**Activity**
The expected output is the set of lines below beginning at the one that contains "Zuraleus Beds" and ending at the final line, reproduced exactly.

**Source material**
────

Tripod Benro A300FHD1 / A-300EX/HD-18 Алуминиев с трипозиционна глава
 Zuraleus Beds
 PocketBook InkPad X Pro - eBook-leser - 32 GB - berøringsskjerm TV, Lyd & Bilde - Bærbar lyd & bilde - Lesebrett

────

**Task response**
 Zuraleus Beds
 PocketBook InkPad X Pro - eBook-leser - 32 GB - berøringsskjerm TV, Lyd & Bilde - Bærbar lyd & bilde - Lesebrett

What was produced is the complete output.